Si les mensurations de plus de deux des 50 spécimens collectés s’écartent des caractéristiques carnioliennes, toute la colonie est signalée et, en vertu de la loi en vigueur, les reines doivent être remplacées.

Pour l’instant, les abeilles de M. Huter ont échappé à toute exécution.

Après avoir reçu l’ordre de l’État de se débarrasser de ses reines noires, M. Huter a fait appel de son cas devant le tribunal administratif fédéral de Vienne – et il a gagné, le tribunal qualifiant l’approche de l’État de « manifestement illégale », en partie parce qu’à l’époque il reposait uniquement sur la couleur d’une abeille.

Lire aussi  Revue « Metal Slug 2 ACA NEOGEO » – Doublez l'action, doublez le ralentissement, doublez les versions – -

En partie en réponse à cette décision du tribunal fédéral, qui a reproché à l’État de ne pas avoir dit avec plus de précision ce qui fait d’une abeille une véritable carniolienne, la Carinthie envisage des propositions d’amendements à la loi de l’État qui définiraient plus explicitement la sous-espèce – et durciraient les peines tant pour les abeilles impures que pour les humains qui les élèvent.

L’amende maximale pour les détenteurs d’abeilles mixtes serait portée à 7 500 euros (environ 8 160 dollars) contre 5 000 (environ 5 440 dollars). (Certains dans le camp pro-carnioliens avaient poussé à des peines de prison.)

Mais pour les abeilles, c’est bien pire : en vertu de la loi proposée, qui est soumise à l’approbation du Parlement de l’État, s’il existe un « danger imminent » d’accouplement mixte – par exemple, avec les ruches d’un voisin – les autorités peuvent immédiatement saisir et éradiquer non seulement les reines de la colonie, mais toute la ruche incriminée.

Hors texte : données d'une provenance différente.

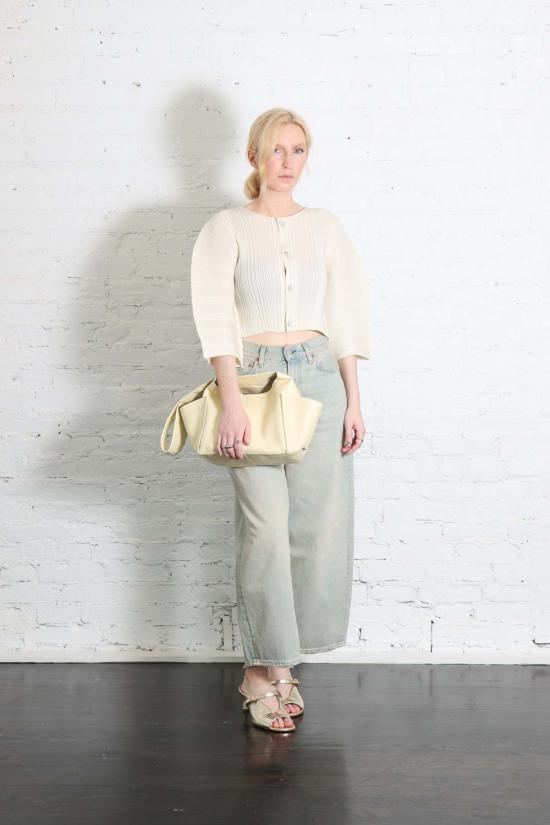  이세이 미야케 가디건 린넨 느낌의 골지 주름 - ISSEY MIYAKE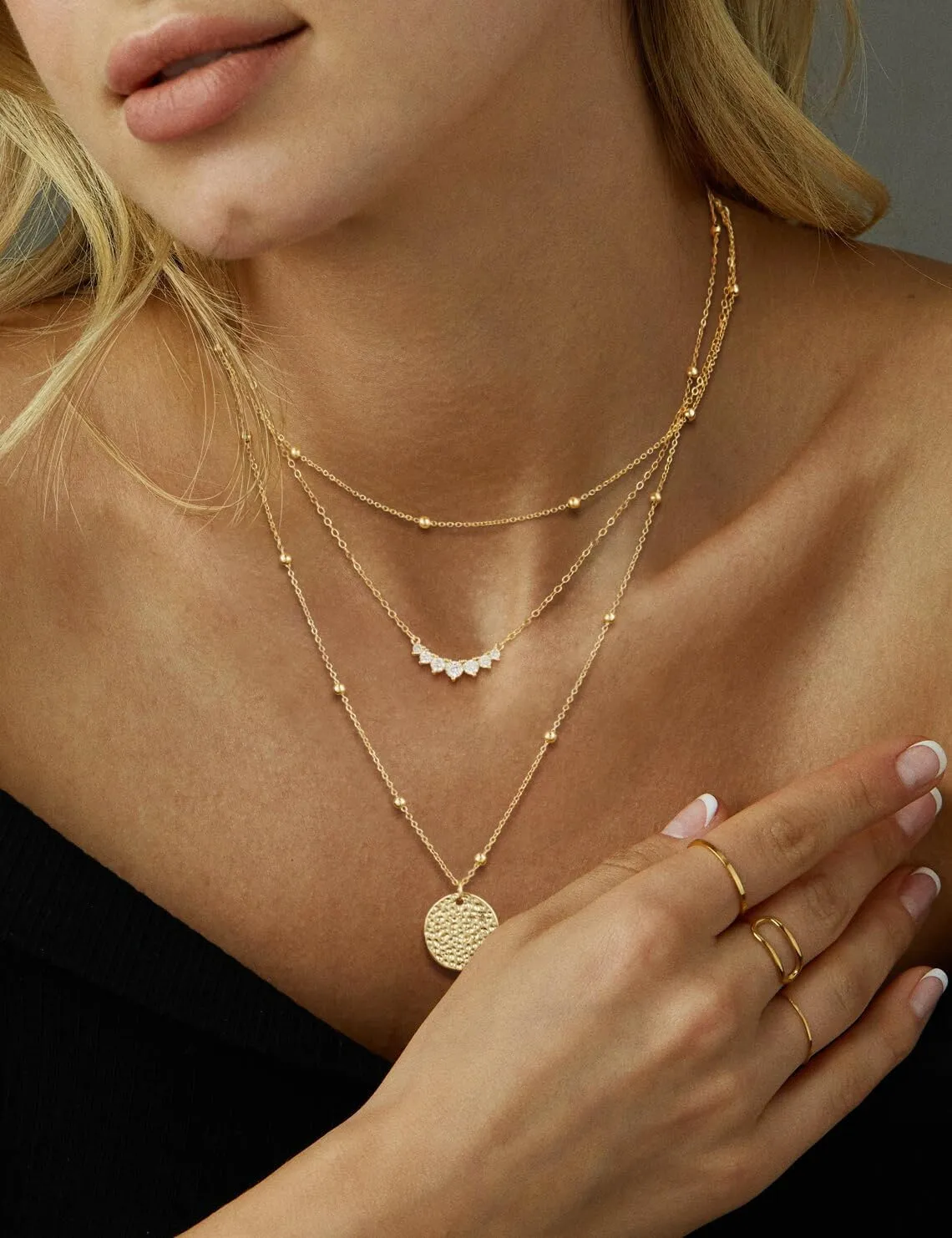 Layered Necklaces for Women,14K Gold/Silver Necklace Set Simple Layered Necklaces Herringbone Twisted Lip Chain Dainty Pendant Necklace Jewelry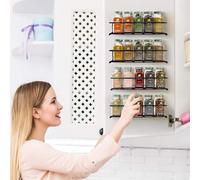 Spice Rack Wall Metal 4 Kitchen Shelf Organiser Hanging Self-Adhesive Cupboard Door Insert No Drilling , Bathroom Shelf 29 x 6.3 x 5 cm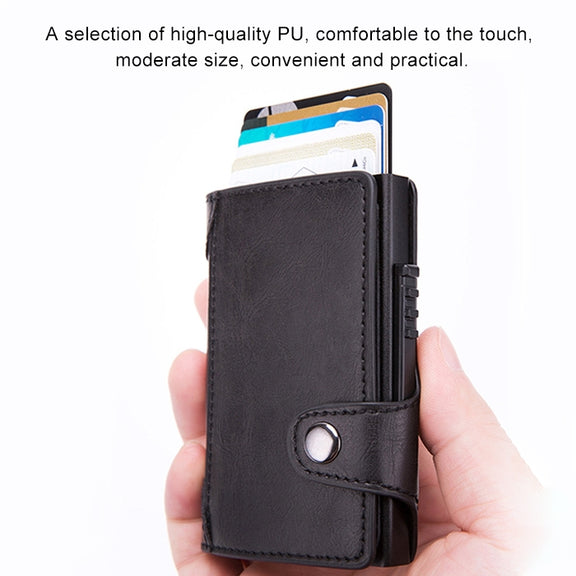 X-51 Automatically Pop-up Card Type Anti-magnetic RFID Anti-theft PU Leather Wallet with Card Slots(Black)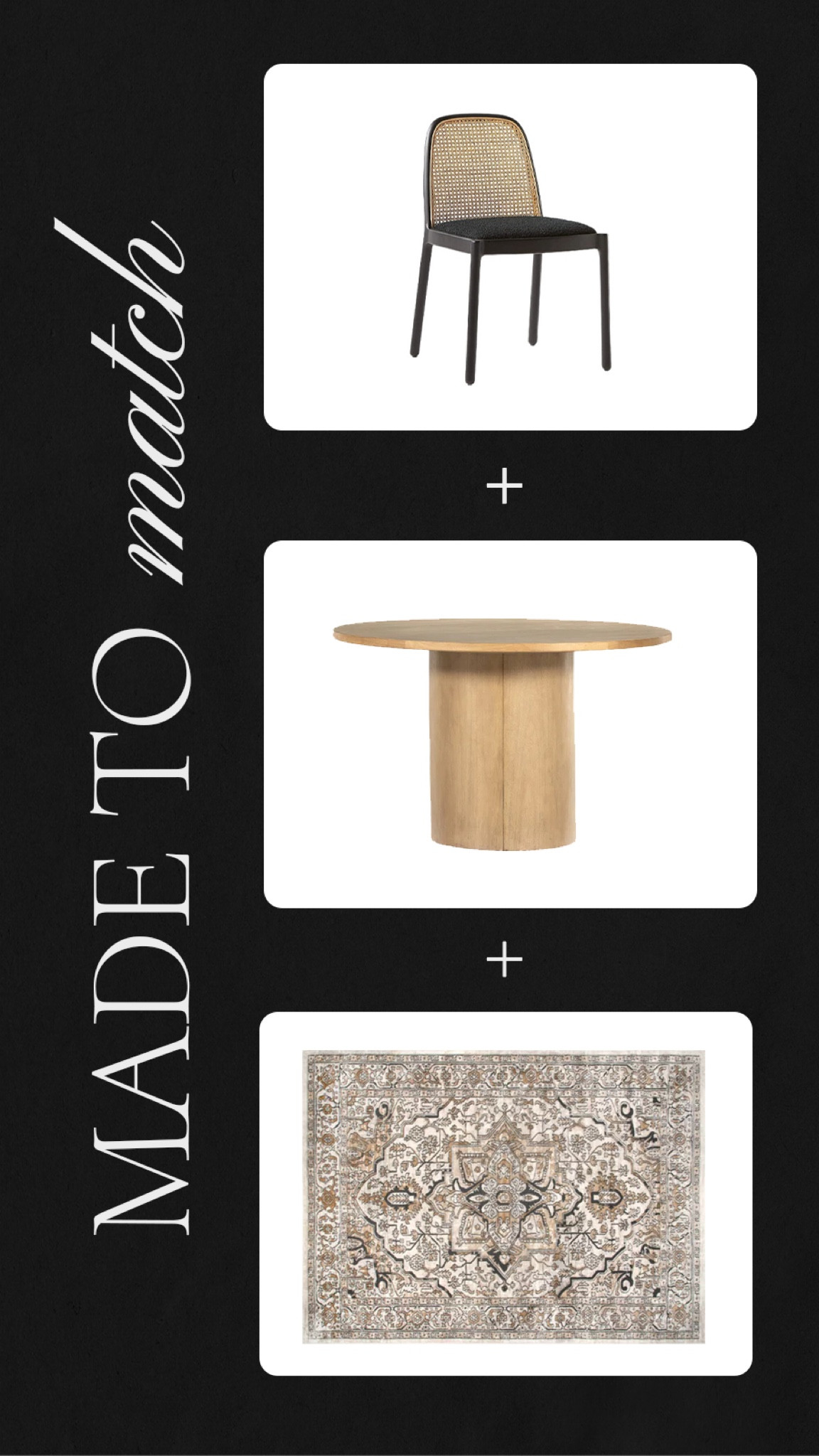 Contemporary and modern dining room, design with black and cane rattan dining room chairs in the round natural wood table. #DiningTable #DiningChairs #ContemporaryInterior #DiningRoomIdeas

Bien qu’elle soutienne la loi plus stricte, l’inspectrice des abeilles qui a visité la colonie de M. Huter en 2018, Barbara Kircher, a déclaré qu’elle s’inquiétait du tollé public qui suivrait très probablement l’assassinat par des agents de l’État d’une colonie entière, qui compte généralement de 40 000 à 80 000 abeilles. .

“Nous serions décrits comme des meurtriers de masse”, a déclaré Mme Kircher, peu de temps avant de se retirer de son rôle en décembre.

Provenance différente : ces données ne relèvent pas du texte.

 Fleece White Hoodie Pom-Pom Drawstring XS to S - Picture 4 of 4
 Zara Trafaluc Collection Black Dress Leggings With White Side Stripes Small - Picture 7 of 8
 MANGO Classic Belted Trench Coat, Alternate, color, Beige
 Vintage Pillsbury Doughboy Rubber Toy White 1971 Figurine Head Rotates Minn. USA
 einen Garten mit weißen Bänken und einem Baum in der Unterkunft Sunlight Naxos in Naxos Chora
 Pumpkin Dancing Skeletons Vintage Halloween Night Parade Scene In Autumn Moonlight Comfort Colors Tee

Mme Traynor, l’experte en abeilles, a déclaré que l’envie de l’État de protéger les traits désirables de ses abeilles était compréhensible. “L’élevage local a beaucoup de sens car ces abeilles sont adaptées à une région locale”, a-t-elle déclaré.

Mais elle a déclaré que l’accent commun dans les pays germanophones, en particulier sur la pureté raciale d’une sous-espèce, était déplacé.

“Dans d’autres pays, vous avez plus d’un” essayons de combiner toutes les meilleures caractéristiques d’une abeille, quelle que soit l’origine de ces génétiques “, a-t-elle déclaré. “La pureté raciale parmi les populations humaines a été problématique, et je ne sais pas pourquoi nous essayons de faire la même chose pour un bétail géré.”

Leave a Reply

Your email address will not be published. Required fields are marked *

This site uses Akismet to reduce spam. Learn how your comment data is processed.